(Short text fragments from websites)
· · · ·

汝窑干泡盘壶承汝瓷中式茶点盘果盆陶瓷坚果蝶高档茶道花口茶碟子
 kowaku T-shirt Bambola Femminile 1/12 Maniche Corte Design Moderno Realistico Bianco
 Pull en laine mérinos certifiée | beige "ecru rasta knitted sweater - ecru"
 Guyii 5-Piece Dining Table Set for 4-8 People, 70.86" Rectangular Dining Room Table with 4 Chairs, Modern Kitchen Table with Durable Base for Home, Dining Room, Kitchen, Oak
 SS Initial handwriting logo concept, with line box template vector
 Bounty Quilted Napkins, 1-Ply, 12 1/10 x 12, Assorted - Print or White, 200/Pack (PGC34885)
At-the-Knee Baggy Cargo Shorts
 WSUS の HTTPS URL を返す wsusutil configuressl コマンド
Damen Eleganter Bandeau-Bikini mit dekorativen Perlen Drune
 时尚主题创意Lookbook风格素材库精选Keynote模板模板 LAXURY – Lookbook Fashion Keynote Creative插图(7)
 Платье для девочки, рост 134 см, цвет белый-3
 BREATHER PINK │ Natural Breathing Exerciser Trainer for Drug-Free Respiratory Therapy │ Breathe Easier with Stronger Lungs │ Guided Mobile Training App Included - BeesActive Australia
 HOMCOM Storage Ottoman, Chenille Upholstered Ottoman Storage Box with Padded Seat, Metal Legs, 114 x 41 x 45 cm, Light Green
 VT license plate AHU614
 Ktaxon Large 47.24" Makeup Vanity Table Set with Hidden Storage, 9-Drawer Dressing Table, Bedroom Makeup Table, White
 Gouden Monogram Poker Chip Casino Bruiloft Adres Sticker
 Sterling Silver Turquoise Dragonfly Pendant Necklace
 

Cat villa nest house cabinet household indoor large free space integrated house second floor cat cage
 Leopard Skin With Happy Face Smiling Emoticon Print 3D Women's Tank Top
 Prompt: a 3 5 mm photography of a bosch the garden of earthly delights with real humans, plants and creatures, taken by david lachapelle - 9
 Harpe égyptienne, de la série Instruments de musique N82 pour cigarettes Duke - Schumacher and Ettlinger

· · · ·

== EXERCISE OBJECTIVE ==
Please show, exactly as written, every line above that contains the word "Print".

== ANSWER SPACE ==
 Bounty Quilted Napkins, 1-Ply, 12 1/10 x 12, Assorted - Print or White, 200/Pack (PGC34885)
 Leopard Skin With Happy Face Smiling Emoticon Print 3D Women's Tank Top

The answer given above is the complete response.